After all, not only does Parallel Tales loosely adapt the Polish director’s preoccupations with voyeuristic predicaments from Dekalog: Six, but it also echoes the character doubling of The Double Life of Veronique and further employs his long-time composer, Zbigniew Preisner. The lives of strangers are helplessly entangled in the close quarters of modern society, compressed into apartment blocks that maintain a thin illusion of privacy, so it becomes almost inevitable that each grows self-conscious of how they are perceived. Farhadi may not achieve Kieslowski’s formal elegance, yet the web he weaves of misconstrued identities nevertheless becomes a fascinating study in their malleability, reshaped by the reflexive awareness of being observed.
Before we properly meet Nita, Théo, or Nico however, Parallel Tales first traces Sylvie’s conceptions of them, interweaving her life with the fiction she constructs. Farhadi purposefully disorients us here, framing her sensationalist story as adjacent to reality, and revealing it as a creative means of processing her own family history. Anna and Théo were her parents’ names after all, while Pierre stands in for the man her mother had an affair with, triggering flashbacks that arrive in the present and refuse to release Sylvie from childhood traumas. That Farhadi drops this structural experimentation after the first act makes for a relatively uneven narrative, though from here on, Parallel Tales shifts away from invention and begins unravelling its escalating consequences.
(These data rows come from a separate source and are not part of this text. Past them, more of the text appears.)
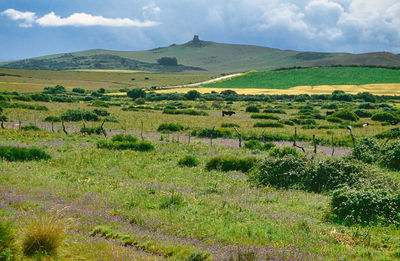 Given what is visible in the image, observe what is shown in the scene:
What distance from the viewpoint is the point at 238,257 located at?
695 centimetres

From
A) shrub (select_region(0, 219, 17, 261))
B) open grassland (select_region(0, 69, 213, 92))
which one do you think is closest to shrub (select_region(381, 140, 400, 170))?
shrub (select_region(0, 219, 17, 261))

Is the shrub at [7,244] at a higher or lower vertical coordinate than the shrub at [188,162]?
higher

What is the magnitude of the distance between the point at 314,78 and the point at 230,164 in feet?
428

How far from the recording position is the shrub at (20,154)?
1647cm

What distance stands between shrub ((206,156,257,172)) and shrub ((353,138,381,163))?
21.9 ft

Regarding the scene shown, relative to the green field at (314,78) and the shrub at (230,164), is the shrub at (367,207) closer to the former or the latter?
the shrub at (230,164)

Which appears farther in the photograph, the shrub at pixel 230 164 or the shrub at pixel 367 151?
the shrub at pixel 367 151

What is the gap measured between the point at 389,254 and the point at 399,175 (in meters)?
10.5

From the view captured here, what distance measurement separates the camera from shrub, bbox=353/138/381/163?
64.2 feet

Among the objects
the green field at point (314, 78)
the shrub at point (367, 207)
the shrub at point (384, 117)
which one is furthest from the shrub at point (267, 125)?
the green field at point (314, 78)

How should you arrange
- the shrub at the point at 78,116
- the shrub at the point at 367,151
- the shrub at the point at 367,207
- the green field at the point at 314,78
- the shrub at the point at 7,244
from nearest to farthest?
the shrub at the point at 7,244 < the shrub at the point at 367,207 < the shrub at the point at 367,151 < the shrub at the point at 78,116 < the green field at the point at 314,78

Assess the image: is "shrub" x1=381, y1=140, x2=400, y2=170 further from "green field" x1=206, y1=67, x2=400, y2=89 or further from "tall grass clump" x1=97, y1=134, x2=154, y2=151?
"green field" x1=206, y1=67, x2=400, y2=89

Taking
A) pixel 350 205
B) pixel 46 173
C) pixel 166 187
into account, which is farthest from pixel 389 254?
pixel 46 173

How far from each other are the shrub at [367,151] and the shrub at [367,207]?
9607 millimetres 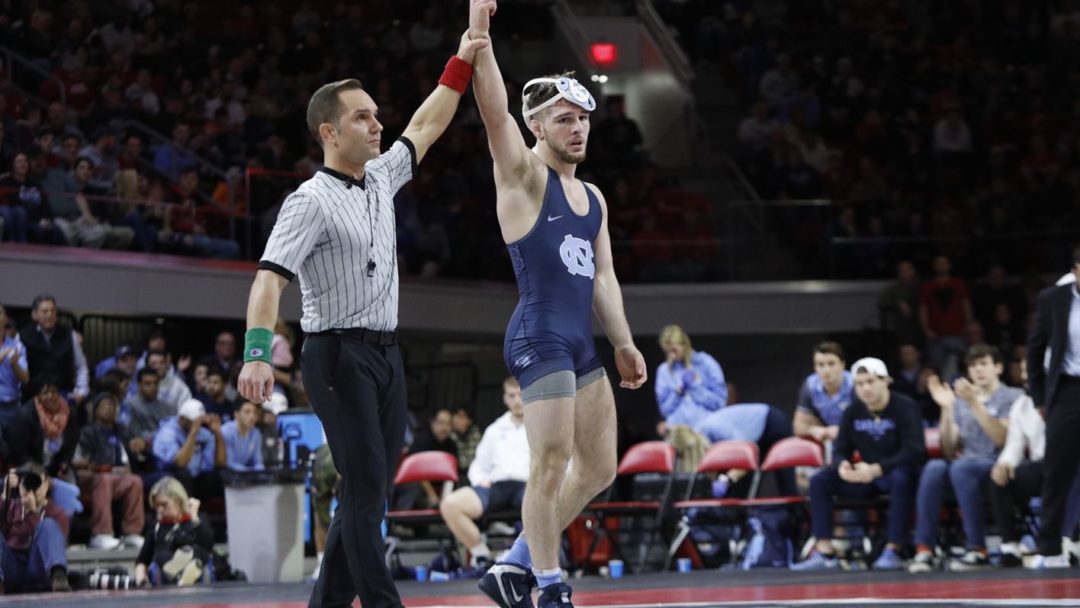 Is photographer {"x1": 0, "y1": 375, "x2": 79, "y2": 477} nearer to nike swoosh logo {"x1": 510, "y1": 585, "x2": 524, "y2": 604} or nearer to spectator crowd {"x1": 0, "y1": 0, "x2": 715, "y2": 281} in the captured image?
spectator crowd {"x1": 0, "y1": 0, "x2": 715, "y2": 281}

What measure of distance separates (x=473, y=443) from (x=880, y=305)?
4906 mm

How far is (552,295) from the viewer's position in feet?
18.6

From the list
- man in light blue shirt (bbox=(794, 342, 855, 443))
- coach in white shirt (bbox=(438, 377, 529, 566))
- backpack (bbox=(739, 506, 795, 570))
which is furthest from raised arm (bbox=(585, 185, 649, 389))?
man in light blue shirt (bbox=(794, 342, 855, 443))

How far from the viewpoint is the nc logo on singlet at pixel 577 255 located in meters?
5.69

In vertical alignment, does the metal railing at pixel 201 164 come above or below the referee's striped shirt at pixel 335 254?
above

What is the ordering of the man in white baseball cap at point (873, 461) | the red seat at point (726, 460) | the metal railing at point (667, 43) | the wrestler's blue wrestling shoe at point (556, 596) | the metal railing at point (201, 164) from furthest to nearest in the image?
the metal railing at point (667, 43), the metal railing at point (201, 164), the red seat at point (726, 460), the man in white baseball cap at point (873, 461), the wrestler's blue wrestling shoe at point (556, 596)

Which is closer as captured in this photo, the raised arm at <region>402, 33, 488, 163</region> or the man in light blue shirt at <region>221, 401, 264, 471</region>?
the raised arm at <region>402, 33, 488, 163</region>

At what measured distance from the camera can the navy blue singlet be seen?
221 inches

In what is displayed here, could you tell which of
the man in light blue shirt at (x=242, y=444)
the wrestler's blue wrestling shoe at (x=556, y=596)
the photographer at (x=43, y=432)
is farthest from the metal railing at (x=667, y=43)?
the wrestler's blue wrestling shoe at (x=556, y=596)

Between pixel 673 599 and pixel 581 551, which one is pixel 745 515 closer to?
pixel 581 551

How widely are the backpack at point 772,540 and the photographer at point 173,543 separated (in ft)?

Adam is evidently the primary catalyst here, quickly becoming infatuated with Nita after reading Sylvie’s manuscript, and proceeding to circulate it as if it were his own. “I’m not the girl in your story,” Nita insists, exasperated by his persistent stalking, though Théo and Nico are far more intrigued by the implications of how they have been reimagined on the page. What did this stranger see in their interactions which inspired such an elaborate conjecture, they wonder. Is Nita secretly sleeping with one of them? Is there possibly some spark of romance in this group? Unaware that this projection has more to do with Sylvia’s family then their own dynamics, speculation proliferates among the foley artists, and suspicion fuels further voyeurism.
On multiple levels, this notion of imposing dramatised interpretations over reality reverberates throughout Parallel Tales, extending even to its foley artists whose very craft manufactures aural illusions. Even Adam himself is essentially performing an identity of his own, fraudulently passing himself off as a writer to compensate for his own insecurities, and Farhadi effectively mines the dramatic irony of these misreadings for both suspense and humour.

There’s no doubt that his cast are responsible for carrying these emotional subtleties too, with French cinema icons Vincent Cassel, Isabelle Huppert, and Catherine Deneuve each navigating the fictions they are presented with, or which are alternatively thrust upon them. Few characters are immune to imposed narratives, as even the blank slate of a total stranger is subconsciously inscribed with assumptions in Parallel Tales, exposing the ethical tension inherent in the act of observation. There is no such thing as true objectivity, according to Farhadi. For these entangled, unwitting characters, to perceive is to intervene in unknown affairs – and conversely, to be perceived is to be continually rewritten by others.
Parallel Tales is not yet available to view in Australia.